(Data excerpts)
=======
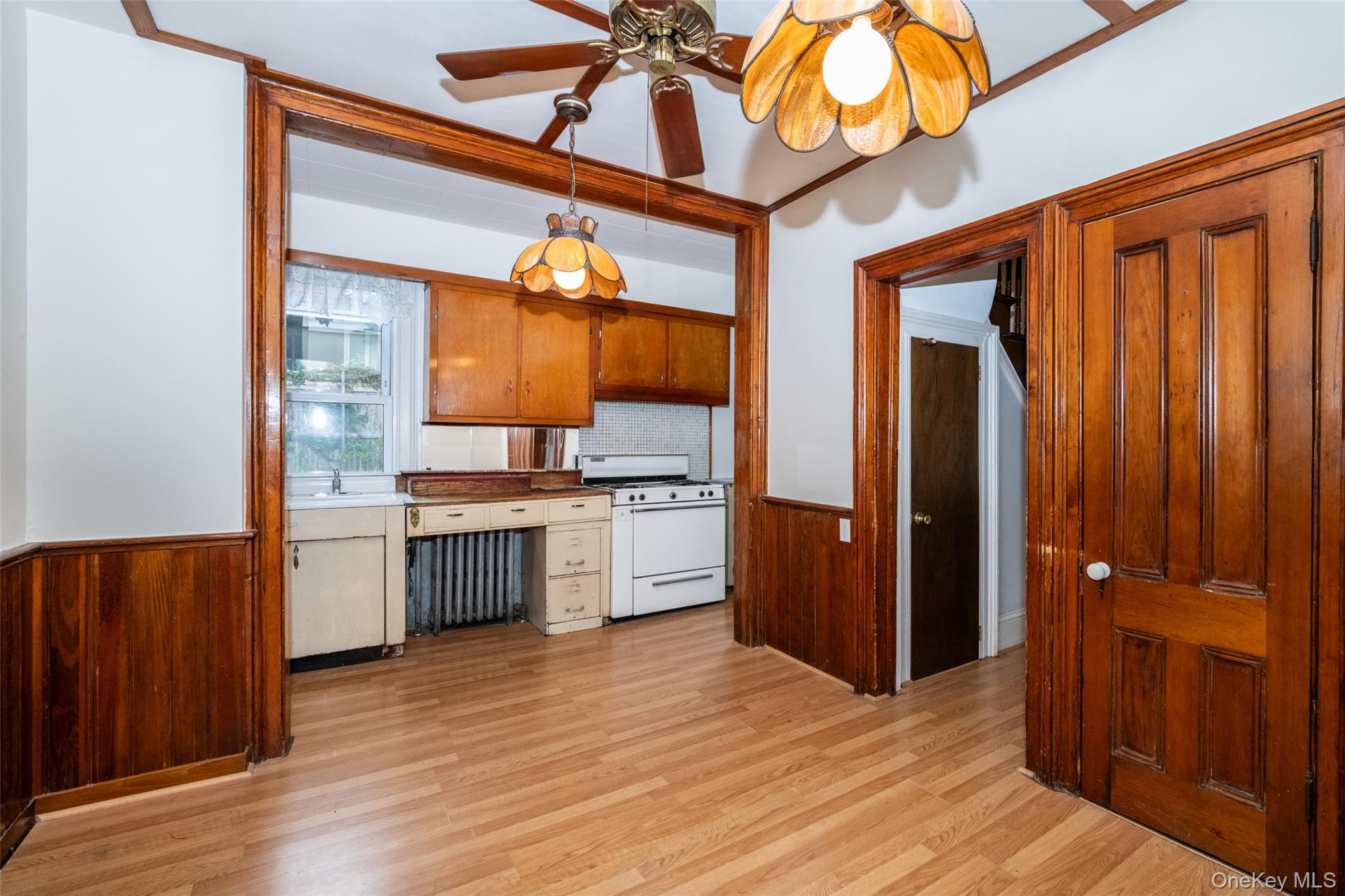 157 Schofield Street Bronx, NY 10464 - Photo 7 of 34 a kitchen with a refrigerator and a sink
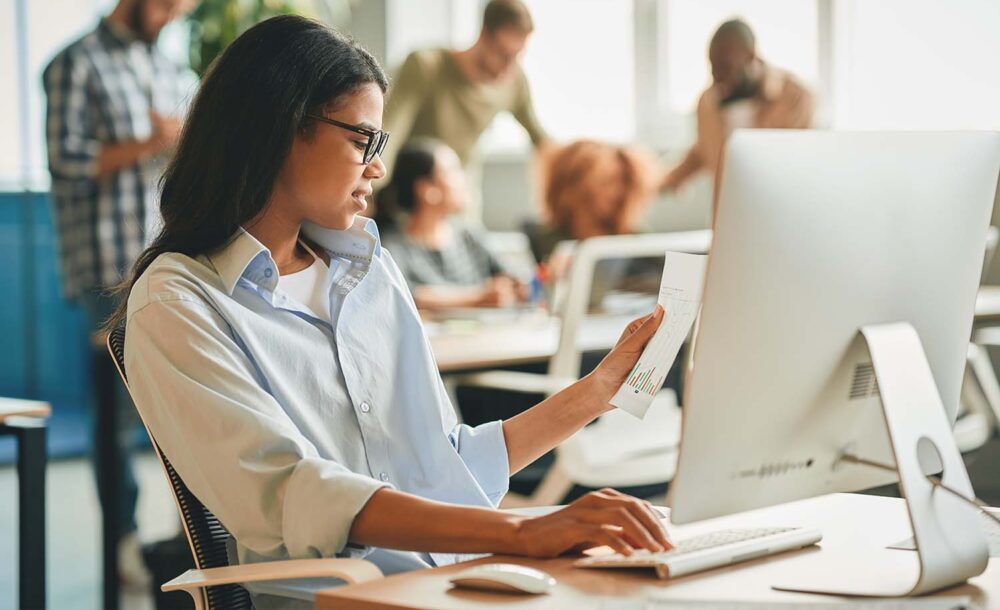 A young employee reviewing paperwork at a computer. Crucial compliance imagery for businesses navigating minor labor laws Utah regulations.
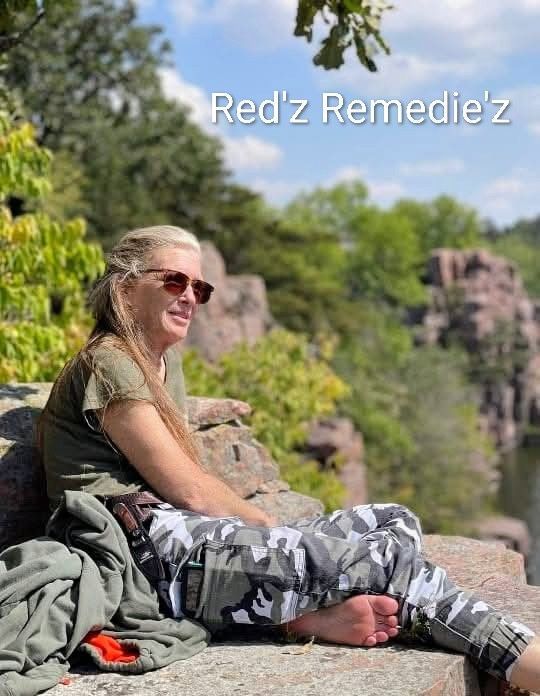 Woman sitting on a rock with bare feet, sunglasses, and camouflage pants, by a body of water. 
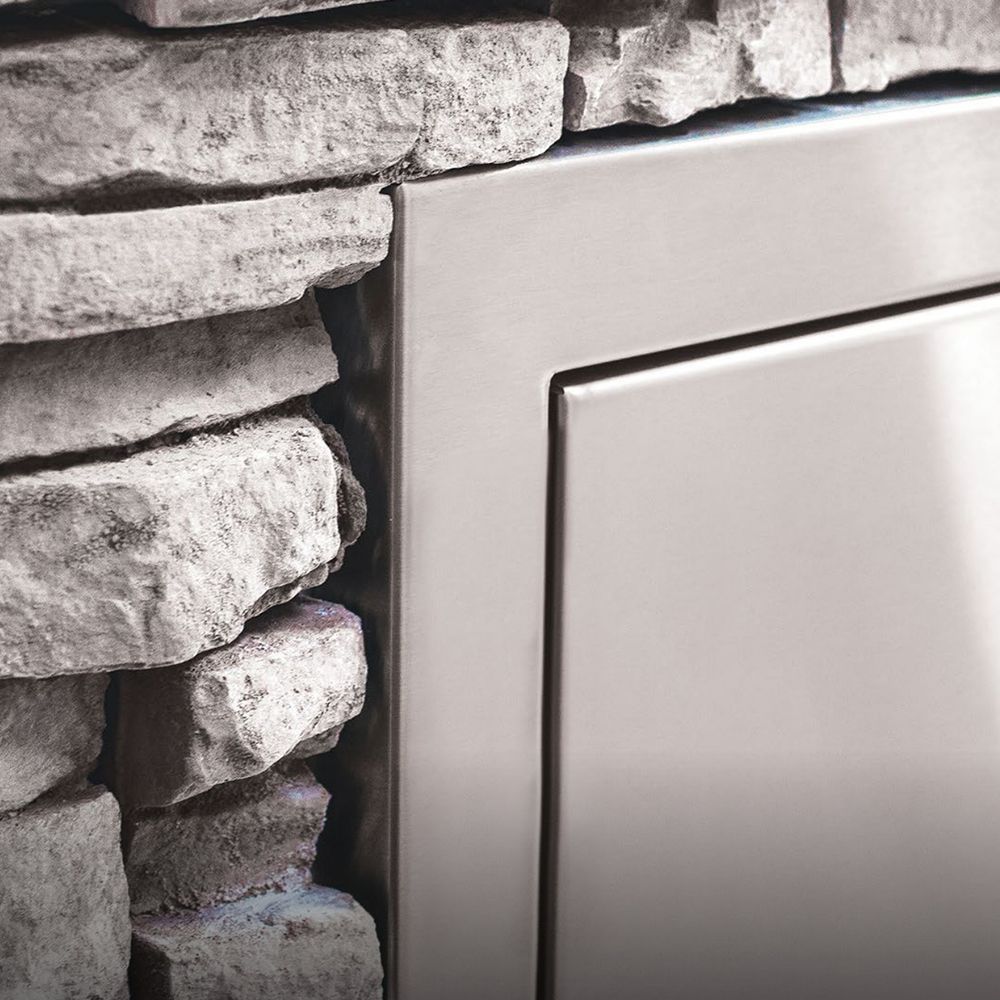 Narrow trash drawer frame beside stone wall, brushed metal finish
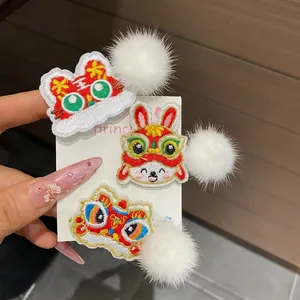 Three-piece Chinese New Year hair clips with lion dance embroidery and white faux fur trim
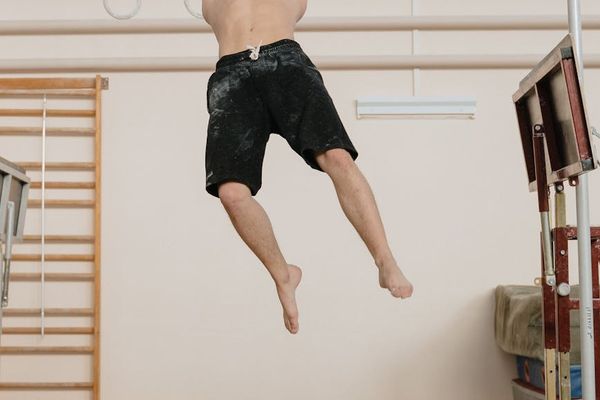 Man performing a controlled bodyweight exercise on a mat.
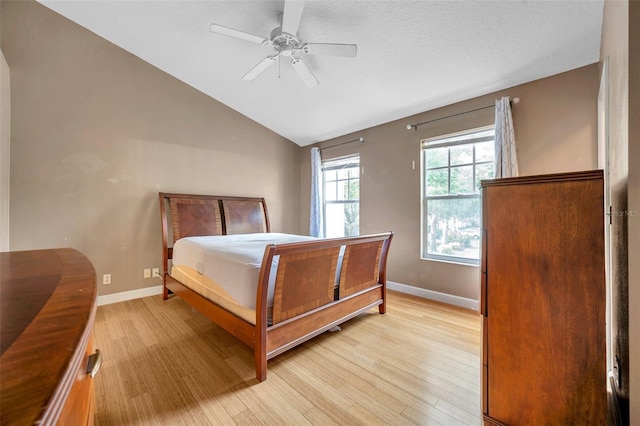 13777 Forest Lake Dr, Largo, FL 33771 - bedroom with vaulted ceiling, light wood-style flooring, and baseboards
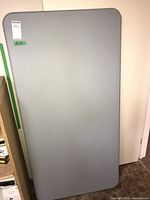 Top view of the light gray folding table, showing the smooth surface and rounded corners.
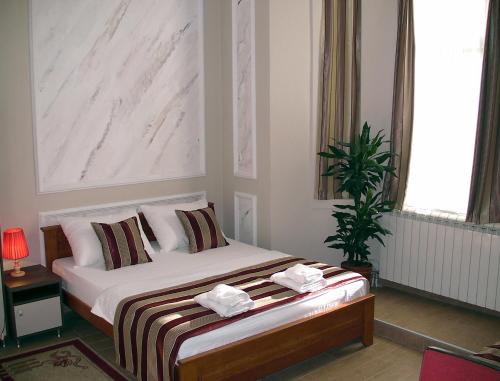 a bedroom with a bed with two towels on it at Apartments Skadarlija in Belgrade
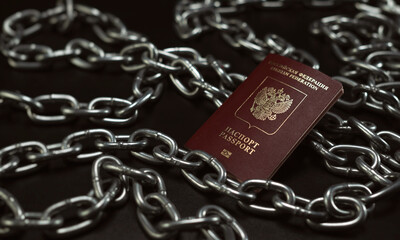 the passport of the Russian Federation against the background of chains as a symbol of restrictions...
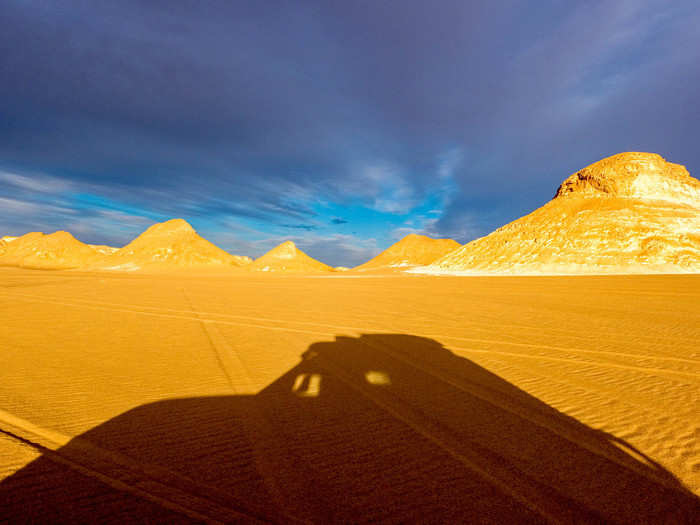 Our guide was racing down the sand dune at full speed, gliding over the top.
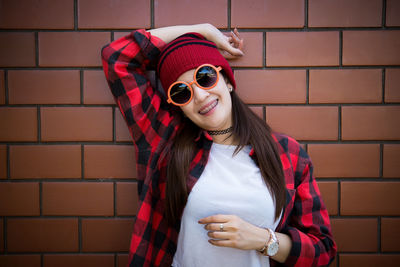 Portrait of smiling woman in sunglasses and knit hat standing against brick wall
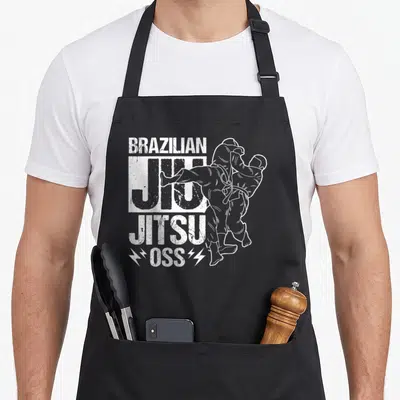 Tablier de cuisine noir avec illustration blanche d'un combattant de Jiu-Jitsu et le texte BRAZILIAN JIU JITSU OSS flanqué de foudres.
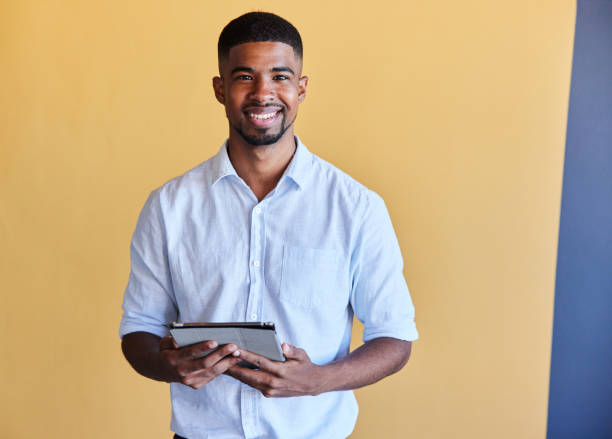 istock Smiling young businessman using a tablet against a yellow background 1398114533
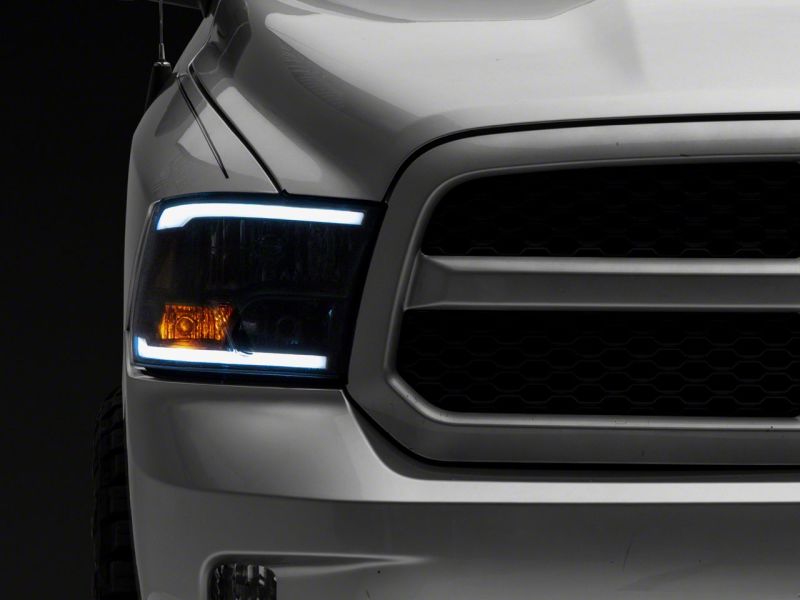Raxiom for 2009-2018 Dodge RAM 1500/2500/3500 Axial Series Headlights w/ LED Bar- Black Housing (Clear Lens) - Image 6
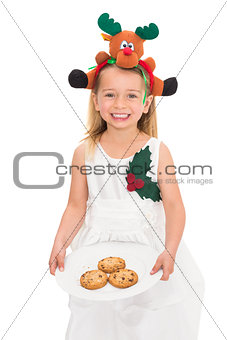Festive little girl holding fresh cookies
=======
▶ [EXERCISE DIRECTIONS]
Drop the pictures and reproduce the rest of the data above exactly.

▶ [COMPLETED TASK]
 157 Schofield Street Bronx, NY 10464 - Photo 7 of 34 a kitchen with a refrigerator and a sink
 A young employee reviewing paperwork at a computer. Crucial compliance imagery for businesses navigating minor labor laws Utah regulations.
 Woman sitting on a rock with bare feet, sunglasses, and camouflage pants, by a body of water. 
 Narrow trash drawer frame beside stone wall, brushed metal finish
 Three-piece Chinese New Year hair clips with lion dance embroidery and white faux fur trim
 Man performing a controlled bodyweight exercise on a mat.
 13777 Forest Lake Dr, Largo, FL 33771 - bedroom with vaulted ceiling, light wood-style flooring, and baseboards
 Top view of the light gray folding table, showing the smooth surface and rounded corners.
 a bedroom with a bed with two towels on it at Apartments Skadarlija in Belgrade
 the passport of the Russian Federation against the background of chains as a symbol of restrictions...
 Our guide was racing down the sand dune at full speed, gliding over the top.
 Portrait of smiling woman in sunglasses and knit hat standing against brick wall
 Tablier de cuisine noir avec illustration blanche d'un combattant de Jiu-Jitsu et le texte BRAZILIAN JIU JITSU OSS flanqué de foudres.
 istock Smiling young businessman using a tablet against a yellow background 1398114533
Raxiom for 2009-2018 Dodge RAM 1500/2500/3500 Axial Series Headlights w/ LED Bar- Black Housing (Clear Lens) - Image 6
Festive little girl holding fresh cookies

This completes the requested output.